- **SUPPLIED MATERIAL**
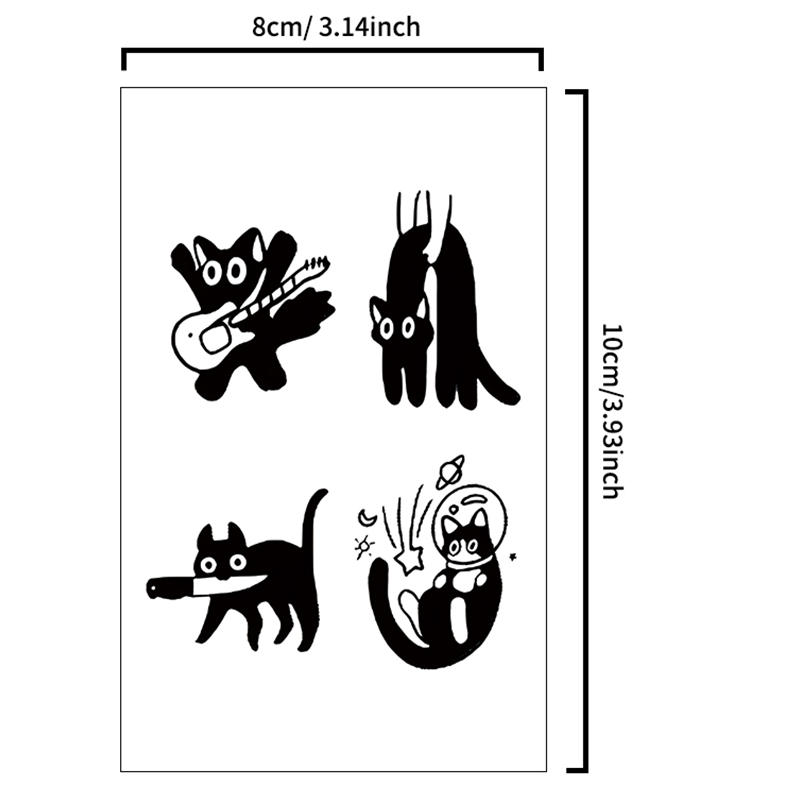 Adhesivo de tatuaje temporal de gato juguetón, adhesivo de tatuaje a base de hierbas realista, resistente al agua y duradero para brazo y clavícula.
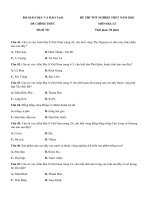 Đề thi tốt nghiệp THPT năm 2020 môn Địa lí có đáp án - Bộ Giáo dục và Đào tạo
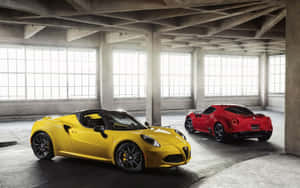 Stunning Alfa Romeo 4c Sports Car On The Road Wallpaper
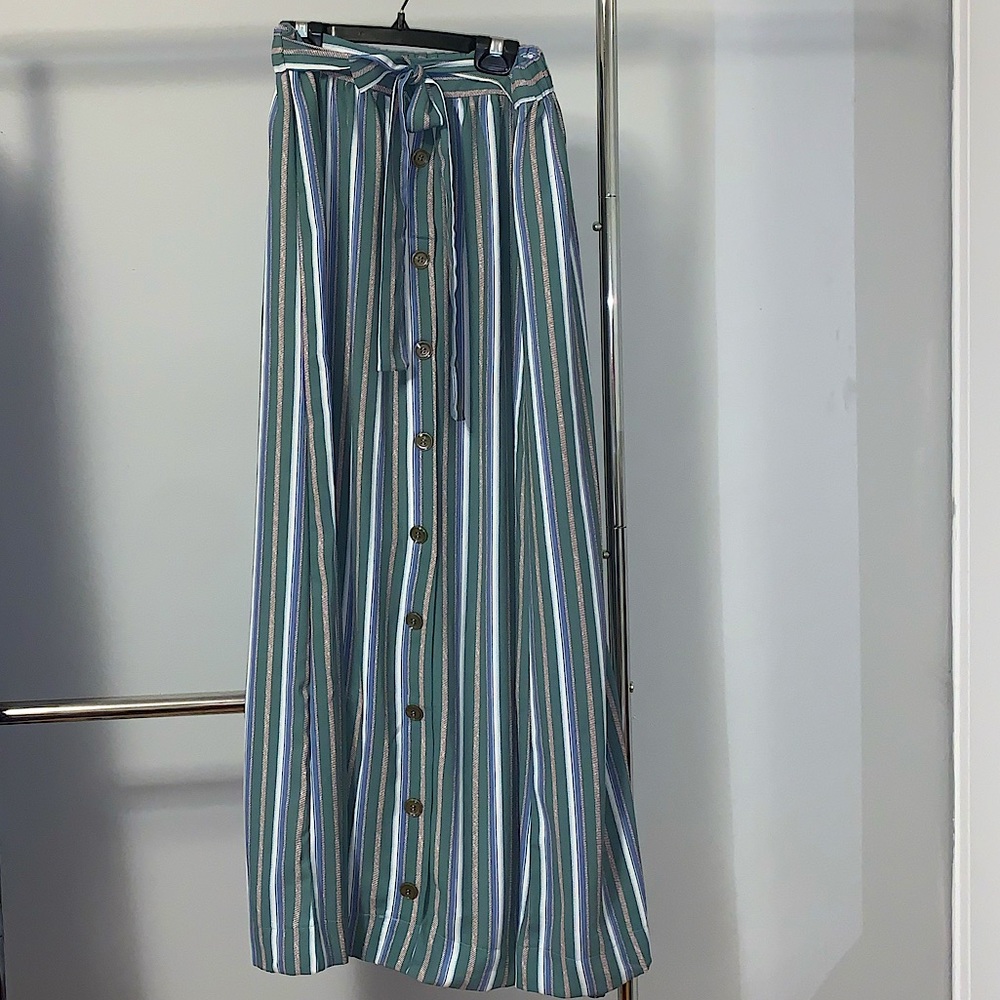 TWEED patterned button front midi skirt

- **DESCRIPTION OF THE TASK**
Pictures aside, reproduce all of the material above without alteration.

- **WRITTEN ANSWER**
 Adhesivo de tatuaje temporal de gato juguetón, adhesivo de tatuaje a base de hierbas realista, resistente al agua y duradero para brazo y clavícula.
 Đề thi tốt nghiệp THPT năm 2020 môn Địa lí có đáp án - Bộ Giáo dục và Đào tạo
 Stunning Alfa Romeo 4c Sports Car On The Road Wallpaper
 TWEED patterned button front midi skirt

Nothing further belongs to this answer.